DATA SECTION below:

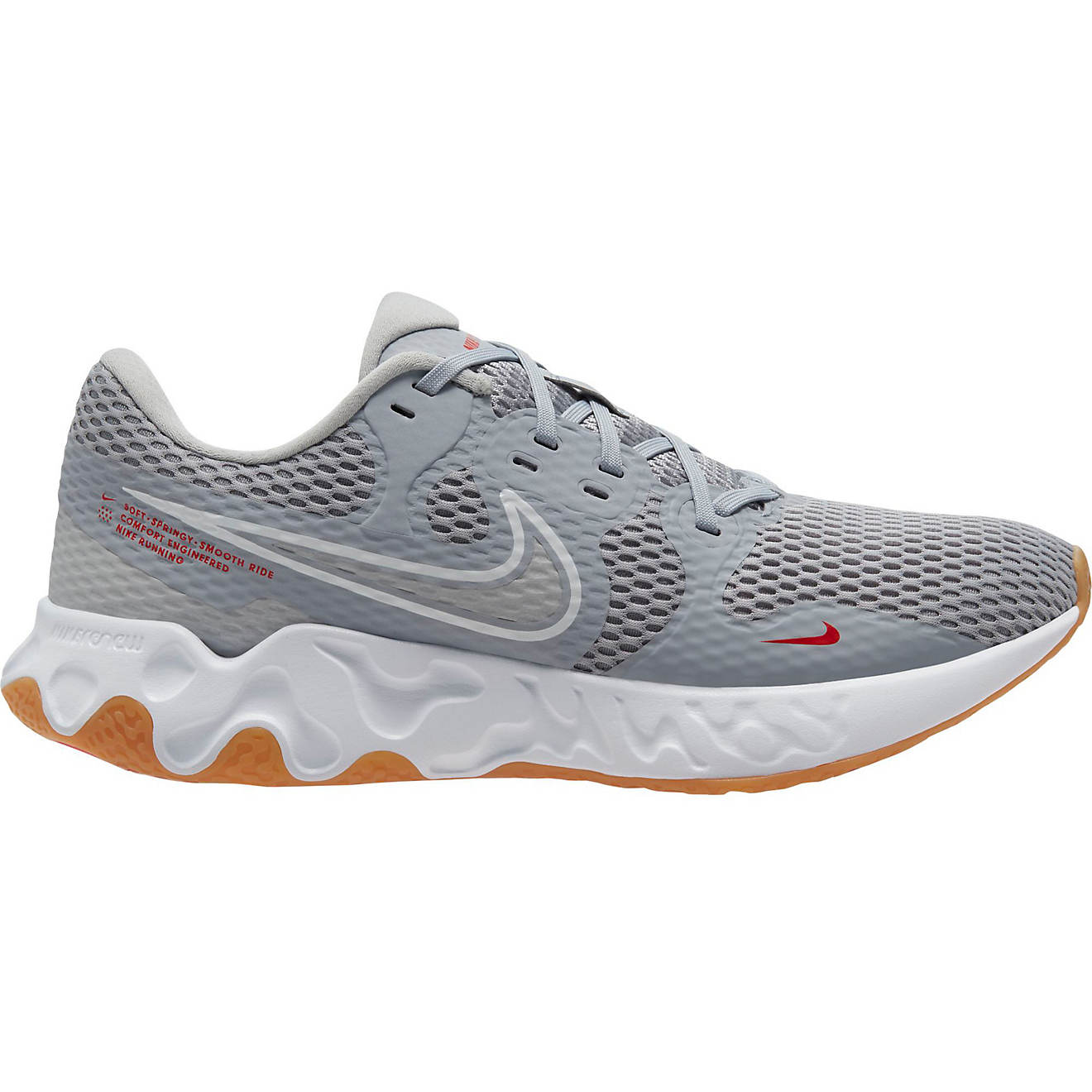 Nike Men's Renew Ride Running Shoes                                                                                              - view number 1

End of DATA SECTION.
DATA SECTION below:

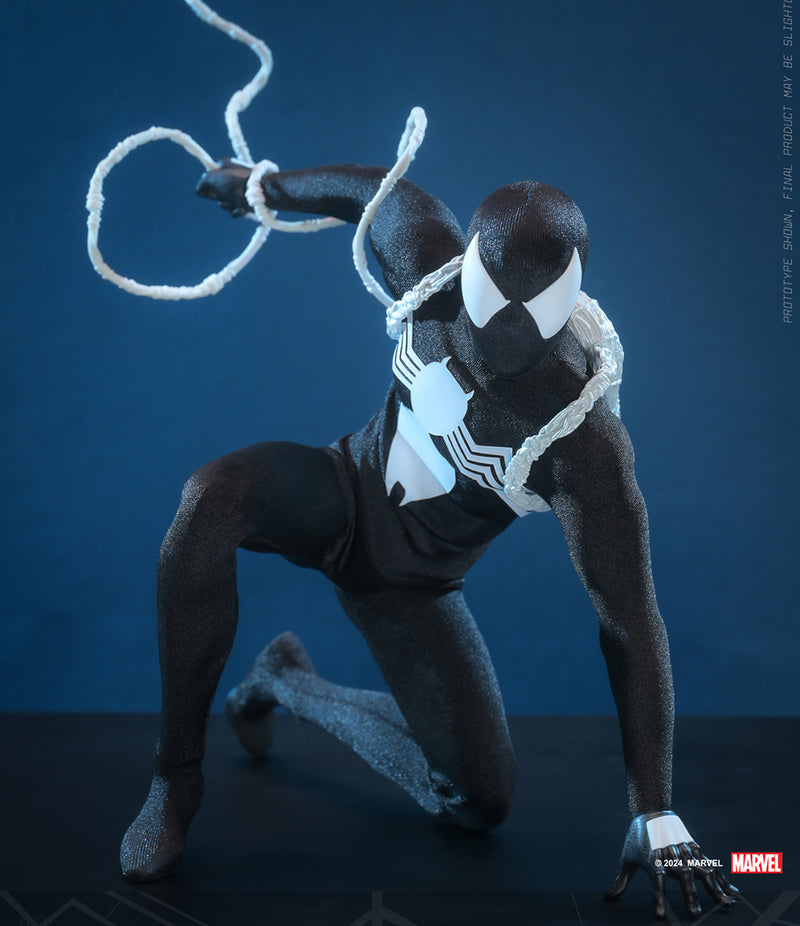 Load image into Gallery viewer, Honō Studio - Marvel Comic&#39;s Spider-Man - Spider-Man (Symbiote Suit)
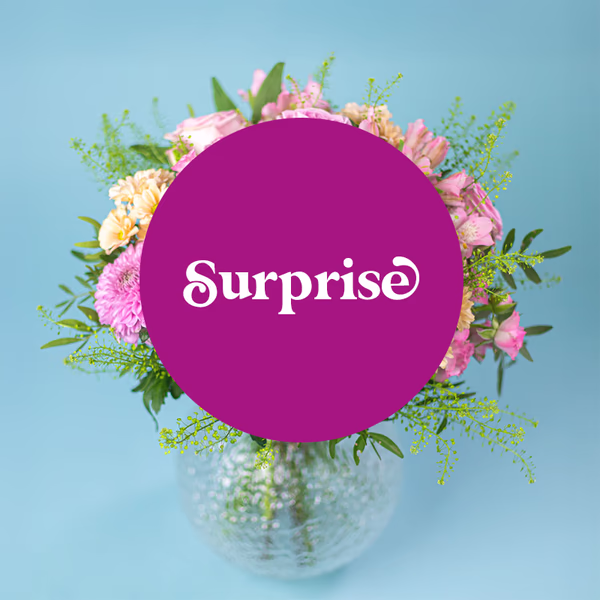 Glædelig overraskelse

End of DATA SECTION.

- EXERCISE DETAILS: What's needed is an exact copy of the lines above from the one with "Load image into" through the one with "Glædelig overraskelse", both included; the pictures stay out.

- RESPONSE TO THIS TASK:
 Load image into Gallery viewer, Honō Studio - Marvel Comic&#39;s Spider-Man - Spider-Man (Symbiote Suit)
 Glædelig overraskelse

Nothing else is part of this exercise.